Armando Martínez de la Rosa

Sabbath

Cuando se está de caza en los montes y uno se aplica un tanto a observar el suelo, se pueden encontrar objetos extraños, desde guijarros de diversos colores hasta fósiles de decenas de millones de años de antigüedad.

Con un poco de suerte y agudeza en la observación, de pronto se distinguen objetos raros, poco comunes. Se trata, digo yo, un buen premio a la curiosidad, al interés por ver más que animales y vegetales.

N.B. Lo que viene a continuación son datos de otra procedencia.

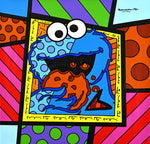 COOKIE MONSTER - (Sesame Street) - Original Painting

Me encontraba en un pasadero de huilotas, a la orilla de un sorgal, desde poco antes del amanecer. Mientras aguardaba por la aparición de las apetecidas aves, me senté en una piedra junto a un tronco que me servía de respaldo. Para entretenerme en la espera, que calculaba de unos 45 minutos a una hora, escarbé la tierra para colocar los pies con cierta comodidad. Y apenas removí un poco de suelo apareció una “piedra” rara, fuera de lo común. La tomé, la limpié cuanto pude y supuse que se trataba de un fósil. Lejos de ser un experto o siquiera medianamente conocedor de tales restos, la forma del objeto me indicaba que no era un guijarro. Lo guardé en la mochila. En mi casa, de regreso, lo lavé y comprobé que era un pedazo de rama fosilizado de unos 10 centímetros de largo y unos 7 de diámetro. Fue el inicio de una pequeña colección que al paso de los años he formado.

La colección se agrandó con unos ammonites que la suerte me trajo. Los ammonites fueron moluscos comunes en los periodos jurásico y cretácico de la Tierra. Tenían una concha en forma de espiral y los hay de diversos tamaños. Se les encuentra con relativa facilidad en los estados costeros.

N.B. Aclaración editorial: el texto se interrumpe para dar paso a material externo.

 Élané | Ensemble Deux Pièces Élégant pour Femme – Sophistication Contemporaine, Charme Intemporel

¿Por qué los encontré a por lo menos 20 kilómetros de distancia del océano, en plena tierra firme? Porque una parte del territorio actual de Colima, más o menos la mitad, se formó cuando por grandes terremotos estas tierras de hoy emergieron del fondo marino para elevarse cientos de metros sobre el nivel medio del mar.

El periodo jurásico del planeta comenzó hace unos 200 millones de años y se terminó hace 145 millones. El cretácico le siguió y ocurrió entre 145 millones y 66 millones de años atrás. Eso significa que mis ammonites datan de ese tiempo.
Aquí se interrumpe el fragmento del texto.